Source: Claude-Flow on GitHub


11. Devin (Cognition AI)

What: Commercial AI software engineer with its own sandboxed cloud environment (shell, code editor, browser). Multi-agent dispatch capability added in later revisions.

Setup

  • Each Devin session runs in its own sandboxed cloud IDE.
  • You can spin up multiple parallel Devins, each with its own environment.
  • Automatically indexes repositories every couple hours, creating detailed wikis with architecture diagrams (DeepWiki).

Multi-Agent Coordination

  • One AI agent can dispatch tasks to other AI agents.
  • Self-assessed confidence evaluation -- asks for clarification when not confident enough.
  • API available for integration with custom workflows and other agents.
  • Autonomous agents can trigger automatically in response to specific events.

Enterprise Usage

Goldman Sachs deployed Devin as "Employee #1" in their hybrid workforce, demonstrating enterprise-scale adoption of autonomous coding agents.

Sources


Common Patterns Across All Setups

What Works

  1. Planning before execution: Every successful setup emphasizes writing specs/plans before letting agents code. Boris Cherny iterates in Plan Mode. Karpathy says write a design doc first. Osmani says break into scoped tasks.

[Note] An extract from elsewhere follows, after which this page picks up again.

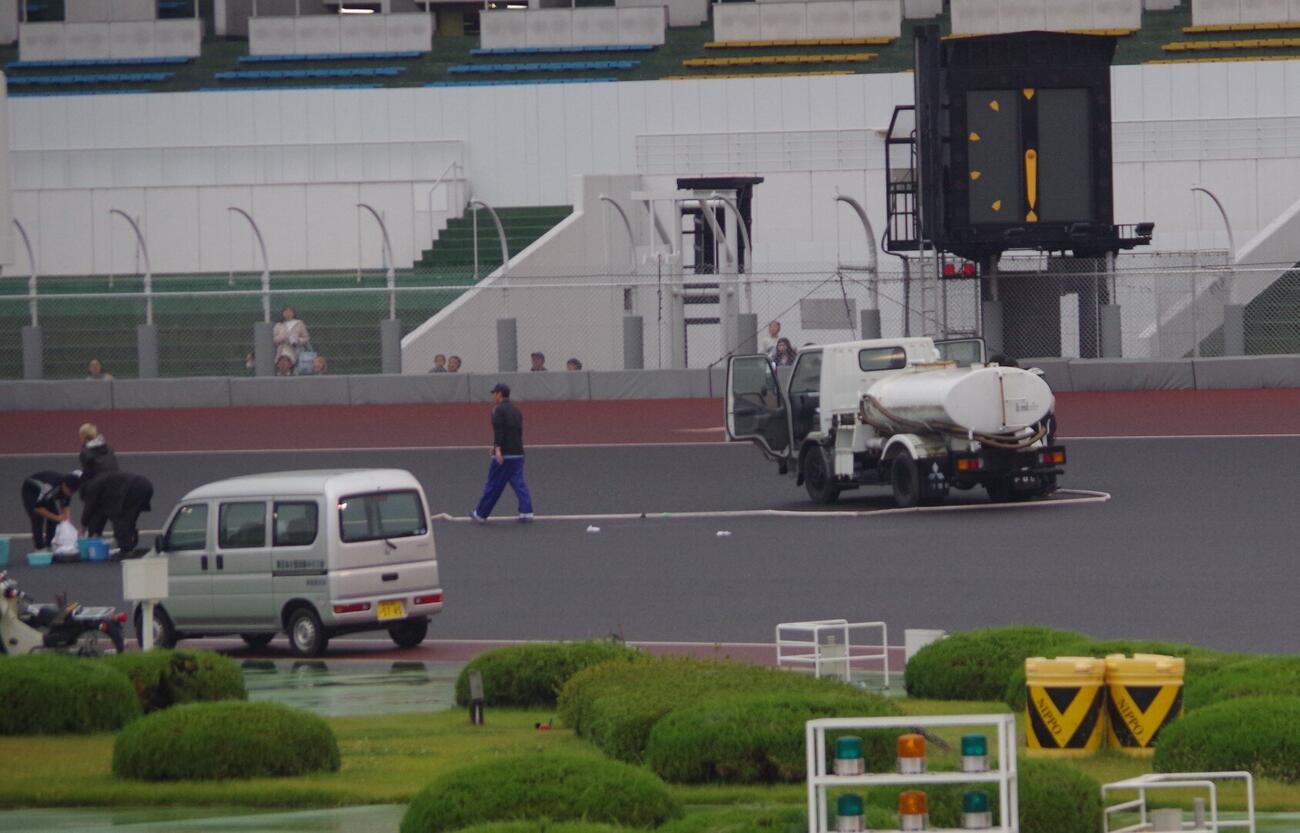 オイル漏れの個所は散水車で洗い流す作業となった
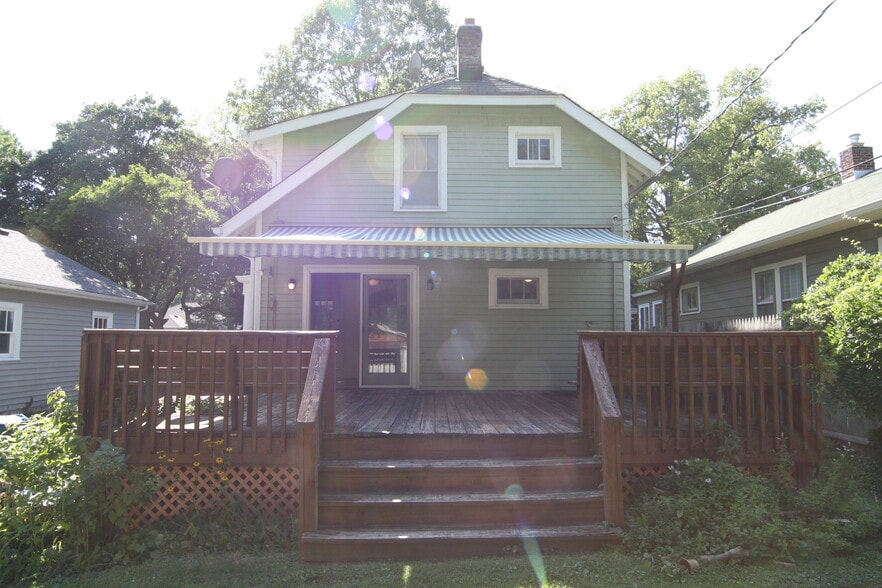 Building Photo - 5623 Winthrop Avenue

  2. Institutional memory via markdown files: CLAUDE.md, AGENTS.md, or equivalent files checked into git. Updated continuously. Mistakes become instructions. This is the single most impactful practice.

  3. Verification loops: Agents test their own output. The stronger the test suite, the more autonomous the agents can be. Testing is the "single biggest differentiator" (Karpathy, Osmani).

  4. Cost-tiered model routing: Opus/expensive models for planning and reasoning. Sonnet/mid-tier for implementation. Haiku/cheap for tests, docs, linting. Don't waste expensive tokens on cheap tasks.

  5. Isolation: Each agent gets its own git worktree, workspace, or tmux pane. File-scope locking when agents edit the same repo. Conflicts between agents are the number one failure mode.

  6. Human review remains the bottleneck: No matter how many agents you run, you still need to review the output. Detailed specs reduce review burden. The best setups optimize for reviewability, not just throughput.

What Doesn't Work

  1. One agent doing everything: Single-agent monolithic approaches consistently underperform specialized multi-agent setups (Anthropic's own research shows 90% improvement with multi-agent).

  2. No test suite: Without tests, agents can't verify their own work, and humans can't verify agent output at scale.

  3. No memory between sessions: Agents that forget everything between sessions repeat the same mistakes. CLAUDE.md / persistent context is essential.

  4. Uncontrolled parallel edits: Multiple agents editing the same files without coordination leads to conflicts and wasted work. File-scope locking or workspace isolation is required.

  5. Accepting all output without review: Karpathy's original "vibe coding" approach was explicitly abandoned in favor of rigorous review. The novelty wears off; the tech debt doesn't.


Note on @GrIlm14

The specific Twitter/X account @GrIlm14 referenced by the user was not directly found in web search results. The Opus-plans/Sonnet-codes/Haiku-tests pipeline pattern with bash+tmux+markdown coordination is a widely documented community pattern (see Section 2 above), with implementations by Dariusz Parys, the Claude Code official docs, and various community tools. The pattern may have originated or been popularized by this account, but the specific attribution could not be verified from available sources.